WORK REQUIRED: In the data, find each line where the word "Used" appears and list that line.

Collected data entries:
........

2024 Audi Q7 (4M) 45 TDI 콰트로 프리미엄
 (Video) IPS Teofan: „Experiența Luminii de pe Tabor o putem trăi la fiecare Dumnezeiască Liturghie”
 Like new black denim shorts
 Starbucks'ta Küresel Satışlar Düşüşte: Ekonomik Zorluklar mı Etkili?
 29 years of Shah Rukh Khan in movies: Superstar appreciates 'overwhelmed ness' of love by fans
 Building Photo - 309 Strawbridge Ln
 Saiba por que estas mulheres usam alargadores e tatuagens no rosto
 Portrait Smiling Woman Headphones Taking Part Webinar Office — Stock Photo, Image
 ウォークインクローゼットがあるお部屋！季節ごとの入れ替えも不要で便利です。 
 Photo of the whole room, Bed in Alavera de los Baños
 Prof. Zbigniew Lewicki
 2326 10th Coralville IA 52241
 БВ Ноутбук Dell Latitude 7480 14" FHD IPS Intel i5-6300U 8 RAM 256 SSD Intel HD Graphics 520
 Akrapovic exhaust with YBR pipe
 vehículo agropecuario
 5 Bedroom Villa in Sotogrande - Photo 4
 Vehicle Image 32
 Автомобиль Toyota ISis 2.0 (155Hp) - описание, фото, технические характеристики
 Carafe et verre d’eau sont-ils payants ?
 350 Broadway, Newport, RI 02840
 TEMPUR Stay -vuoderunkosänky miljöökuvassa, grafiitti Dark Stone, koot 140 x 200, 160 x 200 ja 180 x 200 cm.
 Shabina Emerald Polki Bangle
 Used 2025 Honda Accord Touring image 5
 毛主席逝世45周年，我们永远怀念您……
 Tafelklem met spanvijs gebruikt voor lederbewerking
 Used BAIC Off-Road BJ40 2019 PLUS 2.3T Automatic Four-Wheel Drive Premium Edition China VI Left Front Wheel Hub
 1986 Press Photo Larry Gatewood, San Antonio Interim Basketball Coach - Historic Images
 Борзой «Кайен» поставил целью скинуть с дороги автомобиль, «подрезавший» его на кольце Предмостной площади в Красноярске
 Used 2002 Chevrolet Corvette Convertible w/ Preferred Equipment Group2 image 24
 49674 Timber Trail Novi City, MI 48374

........

RESULT BELOW:
 Used 2025 Honda Accord Touring image 5
 Used BAIC Off-Road BJ40 2019 PLUS 2.3T Automatic Four-Wheel Drive Premium Edition China VI Left Front Wheel Hub
 Used 2002 Chevrolet Corvette Convertible w/ Preferred Equipment Group2 image 24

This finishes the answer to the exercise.